Across the data below, in how many lines does the word "Photo" appear? Give only the number.

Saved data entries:
****************

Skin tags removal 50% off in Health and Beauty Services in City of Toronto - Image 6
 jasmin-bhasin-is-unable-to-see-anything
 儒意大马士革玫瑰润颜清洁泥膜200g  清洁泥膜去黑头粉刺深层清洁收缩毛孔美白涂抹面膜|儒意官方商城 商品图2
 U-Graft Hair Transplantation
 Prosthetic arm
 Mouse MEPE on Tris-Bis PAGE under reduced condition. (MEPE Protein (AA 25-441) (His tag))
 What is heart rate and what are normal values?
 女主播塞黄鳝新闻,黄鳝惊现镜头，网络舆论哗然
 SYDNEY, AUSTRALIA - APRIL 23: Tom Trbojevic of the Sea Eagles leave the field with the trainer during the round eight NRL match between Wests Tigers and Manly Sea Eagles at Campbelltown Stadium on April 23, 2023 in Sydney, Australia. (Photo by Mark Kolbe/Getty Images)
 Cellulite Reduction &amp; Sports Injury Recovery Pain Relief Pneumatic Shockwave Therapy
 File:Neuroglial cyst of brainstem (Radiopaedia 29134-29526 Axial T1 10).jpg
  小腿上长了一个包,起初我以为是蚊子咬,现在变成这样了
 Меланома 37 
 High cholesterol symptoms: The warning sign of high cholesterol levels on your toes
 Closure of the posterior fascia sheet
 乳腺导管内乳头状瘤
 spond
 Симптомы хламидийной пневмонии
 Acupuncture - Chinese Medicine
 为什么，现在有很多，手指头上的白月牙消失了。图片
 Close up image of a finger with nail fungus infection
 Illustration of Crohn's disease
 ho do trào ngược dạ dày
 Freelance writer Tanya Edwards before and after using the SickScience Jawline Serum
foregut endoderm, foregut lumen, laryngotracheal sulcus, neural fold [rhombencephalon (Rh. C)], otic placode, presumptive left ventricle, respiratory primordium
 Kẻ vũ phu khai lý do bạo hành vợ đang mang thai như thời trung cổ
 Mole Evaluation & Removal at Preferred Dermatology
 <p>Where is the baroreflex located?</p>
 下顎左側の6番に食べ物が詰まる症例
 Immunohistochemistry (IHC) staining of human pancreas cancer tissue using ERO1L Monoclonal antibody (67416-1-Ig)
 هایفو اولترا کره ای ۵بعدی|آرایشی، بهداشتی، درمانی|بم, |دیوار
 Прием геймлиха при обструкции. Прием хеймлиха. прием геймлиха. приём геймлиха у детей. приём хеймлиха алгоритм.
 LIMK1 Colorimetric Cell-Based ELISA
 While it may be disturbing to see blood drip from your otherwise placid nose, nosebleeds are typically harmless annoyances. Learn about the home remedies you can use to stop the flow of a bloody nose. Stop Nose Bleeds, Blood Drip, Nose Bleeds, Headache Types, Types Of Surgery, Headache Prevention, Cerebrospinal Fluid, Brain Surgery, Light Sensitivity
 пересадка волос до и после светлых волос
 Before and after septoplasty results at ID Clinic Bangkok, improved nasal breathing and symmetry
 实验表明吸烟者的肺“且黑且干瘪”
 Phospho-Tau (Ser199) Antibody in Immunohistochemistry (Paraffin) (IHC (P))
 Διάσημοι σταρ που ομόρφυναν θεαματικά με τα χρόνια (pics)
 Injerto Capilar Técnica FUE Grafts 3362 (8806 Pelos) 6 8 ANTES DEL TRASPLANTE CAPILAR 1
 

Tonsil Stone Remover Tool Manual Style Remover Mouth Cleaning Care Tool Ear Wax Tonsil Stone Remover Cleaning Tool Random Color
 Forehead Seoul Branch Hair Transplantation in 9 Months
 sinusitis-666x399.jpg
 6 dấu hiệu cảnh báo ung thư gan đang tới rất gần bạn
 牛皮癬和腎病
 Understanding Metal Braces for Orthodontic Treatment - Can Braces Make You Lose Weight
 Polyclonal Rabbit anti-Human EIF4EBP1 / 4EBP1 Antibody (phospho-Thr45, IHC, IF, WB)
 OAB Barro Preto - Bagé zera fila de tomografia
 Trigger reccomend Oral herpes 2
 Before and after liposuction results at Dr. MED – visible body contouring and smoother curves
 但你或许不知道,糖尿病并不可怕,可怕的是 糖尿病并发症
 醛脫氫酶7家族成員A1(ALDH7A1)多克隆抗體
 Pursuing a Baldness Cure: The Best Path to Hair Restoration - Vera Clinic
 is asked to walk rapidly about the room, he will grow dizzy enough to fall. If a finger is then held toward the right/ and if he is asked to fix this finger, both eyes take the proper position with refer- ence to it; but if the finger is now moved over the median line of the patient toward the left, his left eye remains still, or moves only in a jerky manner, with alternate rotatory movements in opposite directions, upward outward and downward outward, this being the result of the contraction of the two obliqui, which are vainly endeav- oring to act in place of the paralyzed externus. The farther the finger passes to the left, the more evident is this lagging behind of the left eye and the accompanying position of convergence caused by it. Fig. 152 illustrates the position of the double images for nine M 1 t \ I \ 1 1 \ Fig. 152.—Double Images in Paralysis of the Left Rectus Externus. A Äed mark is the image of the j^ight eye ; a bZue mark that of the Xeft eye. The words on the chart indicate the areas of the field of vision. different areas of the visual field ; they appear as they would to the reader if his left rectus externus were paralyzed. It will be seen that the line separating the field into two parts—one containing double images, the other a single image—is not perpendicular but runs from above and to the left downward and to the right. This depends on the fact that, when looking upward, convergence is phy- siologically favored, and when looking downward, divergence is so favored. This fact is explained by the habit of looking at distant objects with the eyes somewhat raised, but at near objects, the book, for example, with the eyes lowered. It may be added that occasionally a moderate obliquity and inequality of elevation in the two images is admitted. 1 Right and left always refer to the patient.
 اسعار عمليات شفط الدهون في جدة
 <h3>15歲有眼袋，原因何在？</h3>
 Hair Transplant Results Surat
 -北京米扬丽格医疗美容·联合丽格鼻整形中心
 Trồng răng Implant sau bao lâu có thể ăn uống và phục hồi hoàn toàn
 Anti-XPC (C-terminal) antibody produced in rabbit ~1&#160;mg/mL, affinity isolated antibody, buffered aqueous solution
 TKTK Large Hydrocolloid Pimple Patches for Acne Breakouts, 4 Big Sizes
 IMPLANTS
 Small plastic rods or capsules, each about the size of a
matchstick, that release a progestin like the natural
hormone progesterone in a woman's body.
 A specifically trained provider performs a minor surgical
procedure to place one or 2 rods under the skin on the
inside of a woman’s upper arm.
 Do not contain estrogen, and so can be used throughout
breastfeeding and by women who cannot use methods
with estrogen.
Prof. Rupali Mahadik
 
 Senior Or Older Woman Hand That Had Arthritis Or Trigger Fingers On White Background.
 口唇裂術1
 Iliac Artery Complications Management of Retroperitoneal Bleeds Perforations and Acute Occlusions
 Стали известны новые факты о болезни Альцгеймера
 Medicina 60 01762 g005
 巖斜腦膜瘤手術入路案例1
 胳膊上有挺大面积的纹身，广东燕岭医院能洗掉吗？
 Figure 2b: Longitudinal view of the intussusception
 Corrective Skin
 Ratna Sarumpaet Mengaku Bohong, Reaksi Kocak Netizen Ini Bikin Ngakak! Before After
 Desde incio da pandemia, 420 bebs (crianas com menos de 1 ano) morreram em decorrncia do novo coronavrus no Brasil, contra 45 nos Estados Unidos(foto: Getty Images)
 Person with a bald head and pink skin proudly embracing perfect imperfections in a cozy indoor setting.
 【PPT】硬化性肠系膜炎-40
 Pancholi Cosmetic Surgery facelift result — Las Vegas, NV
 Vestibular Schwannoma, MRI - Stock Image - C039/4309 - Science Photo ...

****************

ANSWER FOR THE TASK: 2